La trasparenza è il must have che dovrebbe accompagnare tutte le attività digitali di un brand e l’attività degli influencer non ne è esclusa.
La tendenza è quella di portare chiarezza sulla forza dirompente di blog, vlog e la diffusione di video e foto da parte di personaggi capaci di spostare le scelte di comportamento e di acquisto dei propri follower. L’Autorità Antitrust stessa con la lettera Moral Suasion ha sollevato la stringente necessità di regolamentazione di tale pratica pubblicitaria.
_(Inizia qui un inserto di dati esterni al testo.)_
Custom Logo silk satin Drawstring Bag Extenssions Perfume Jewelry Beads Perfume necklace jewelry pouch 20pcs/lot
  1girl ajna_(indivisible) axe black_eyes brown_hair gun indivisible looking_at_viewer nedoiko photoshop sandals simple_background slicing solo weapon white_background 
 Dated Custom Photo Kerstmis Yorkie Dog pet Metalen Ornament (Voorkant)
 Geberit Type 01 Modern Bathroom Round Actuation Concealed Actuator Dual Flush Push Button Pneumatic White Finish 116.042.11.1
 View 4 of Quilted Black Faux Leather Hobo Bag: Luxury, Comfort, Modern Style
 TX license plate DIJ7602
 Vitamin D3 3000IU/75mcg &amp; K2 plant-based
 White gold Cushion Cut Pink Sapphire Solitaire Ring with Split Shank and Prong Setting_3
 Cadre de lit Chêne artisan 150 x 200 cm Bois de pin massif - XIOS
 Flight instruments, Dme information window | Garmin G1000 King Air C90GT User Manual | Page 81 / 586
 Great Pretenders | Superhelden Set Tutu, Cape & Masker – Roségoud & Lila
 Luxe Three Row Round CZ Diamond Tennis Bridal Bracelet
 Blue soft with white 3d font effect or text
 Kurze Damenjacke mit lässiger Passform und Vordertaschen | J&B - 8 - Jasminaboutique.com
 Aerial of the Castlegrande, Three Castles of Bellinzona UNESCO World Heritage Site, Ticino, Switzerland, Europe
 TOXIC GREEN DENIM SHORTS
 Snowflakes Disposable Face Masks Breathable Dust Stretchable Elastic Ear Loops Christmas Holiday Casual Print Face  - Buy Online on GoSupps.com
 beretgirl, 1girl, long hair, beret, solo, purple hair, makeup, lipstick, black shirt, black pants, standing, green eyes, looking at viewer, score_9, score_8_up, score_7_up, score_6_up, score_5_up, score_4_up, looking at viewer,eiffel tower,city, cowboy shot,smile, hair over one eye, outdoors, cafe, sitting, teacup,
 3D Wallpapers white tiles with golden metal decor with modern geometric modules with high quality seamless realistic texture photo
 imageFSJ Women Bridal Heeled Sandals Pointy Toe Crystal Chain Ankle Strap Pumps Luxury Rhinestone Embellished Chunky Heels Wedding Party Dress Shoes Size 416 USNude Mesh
Tutti i contenuti pubblicati da influencer con scopo commerciale dovrebbero contenere hastag quali #avertising, #pubblicità, #sponsorizzato, #inserzioneapagamento, #prodottofornitoda e il tag del brand.
È proprio necessario?
Crediamo di sì, dato che, un’indagine condotta da Twitter, riferisce che il 40% degli utenti afferma di aver comprato un prodotto o un servizio dopo averlo visto usare e promuovere da un influencer. Ecco quindi che l’influnecer può avere un peso più alto rispetto ad altre azioni digitali e dovrebbe dichiarare l’origine della sua azione.
Quelli che potremmo definire i protagonisti di un passaparola 2.0 hanno l’interesse dicostruire un web chiaro e pulito, dove i post spontanei di promozione verso un brand sono una cosa, gli spot remunerati un’altra.
Contribuendo così a rafforzare i legami di fiducia tra influencer, consumatori e brand.